In 1968 Better Homes and Gardens released the Casserole Cookbook.  We got a copy of the ninth printing in 1973 and we started to use it frequently.  I still have that copy, and pages are stained, and the Hamburger Stroganoff recipe still has a torn piece of paper marking the page.  It was a very simple recipe with canned condensed soup, ground beef and sour cream.  Other Stroganoff recipes include canned mushrooms.  Let’s just say that the rubbery mushrooms were usually left out.  I didn’t like mushrooms and didn’t even bother to substitute them with anything else.

Beef Strognoff With Zucchini Noodle

Over many years, this tasty recipe morphed from the originals from the Casserole book to my personal version.  I put the mushrooms back in, added extra sour cream, and made a simple creamy sauce that’s gluten free.  Instead of noodles, I use sauteed zucchini or summer squash.  It’s still one of my favorite meals, and using the squash instead of noodles gives me the veggies lacking in the original recipes.  It’s a win-win for me and the family.
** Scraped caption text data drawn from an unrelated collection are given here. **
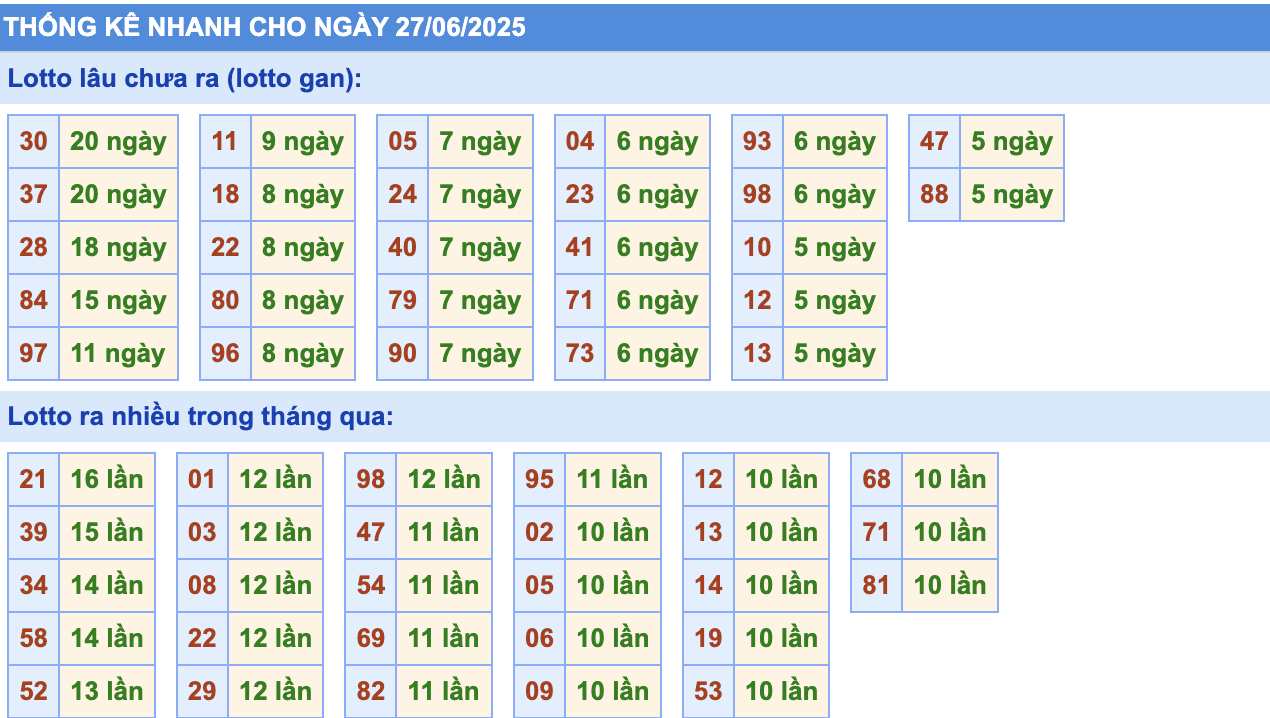 Thống Kê KQXSMB Rồng Bạch Kim 27/6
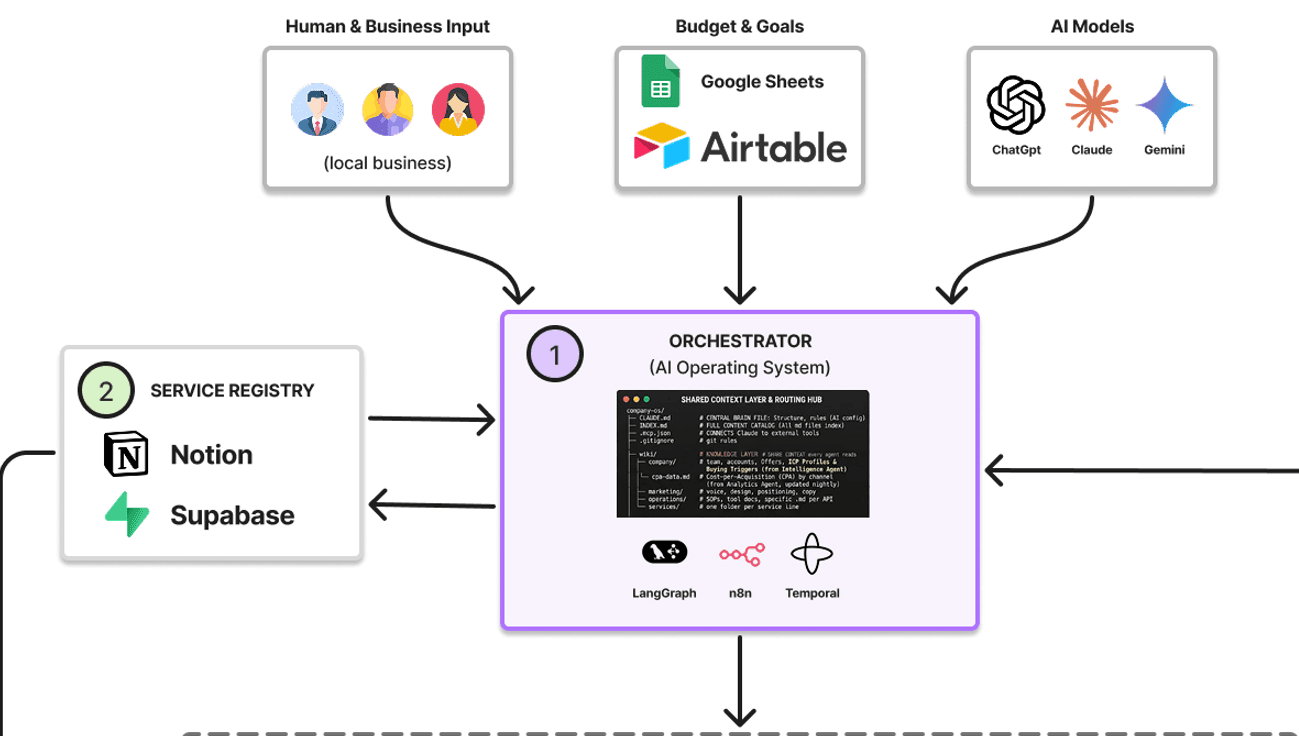 Workflow & Automation Block (n8n/Make) & Database Layer]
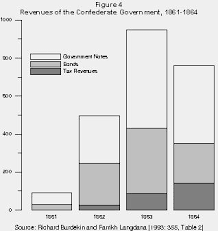 The Economics Of The Civil War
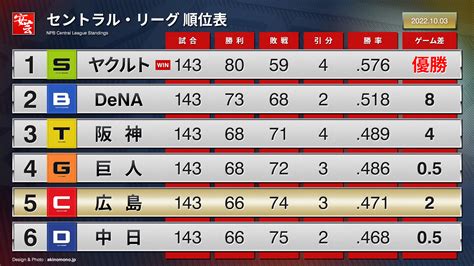 【順位表】プロ野球、レギュラーシーズンの全日程が終了。村上宗隆が56号（2022年10月3日） 安芸の者がゆく＠カープ情報ブログ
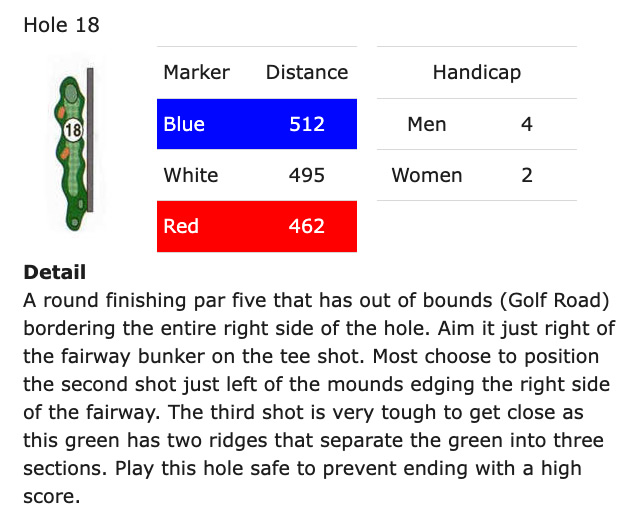 Hole 18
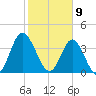 Cherry Grove Inside tide chart for Sunday, February 9, 2025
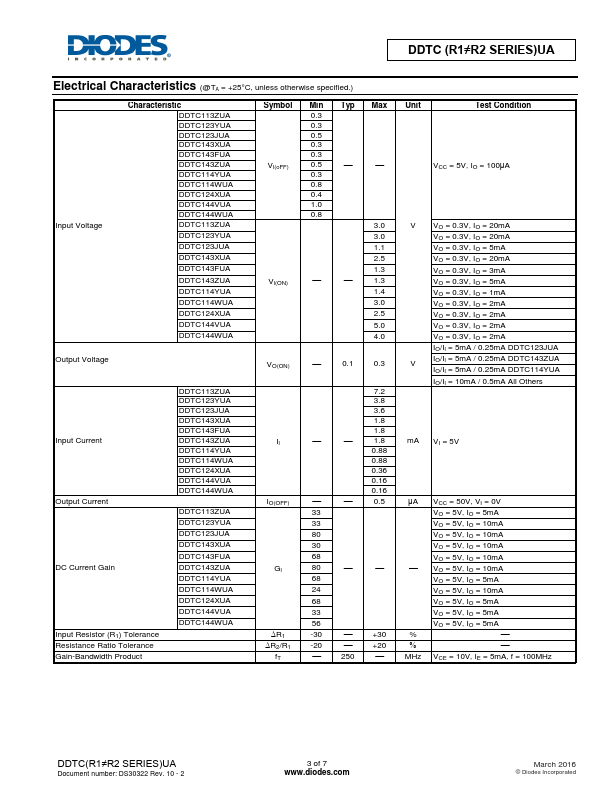 DDTC123JUA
Family and our food history are important to me.  It was rare that we had any fancy meals, but everything was cooked with care and our health and happiness in mind.  I admit to having been a very picky eater, and I’m still picky about the food I cook.  We always do the best we can with our food and our time together.  I’ve been blessed to teach some things to the next generation, and hopefully, they will pass this amazing food legacy on to their kids.  My granddaughter is already enjoying helping in the kitchen and cooking her play food on imaginary stoves.  This apple has not fallen far from the family tree!  Someday, she can make her mark on this classic family recipe.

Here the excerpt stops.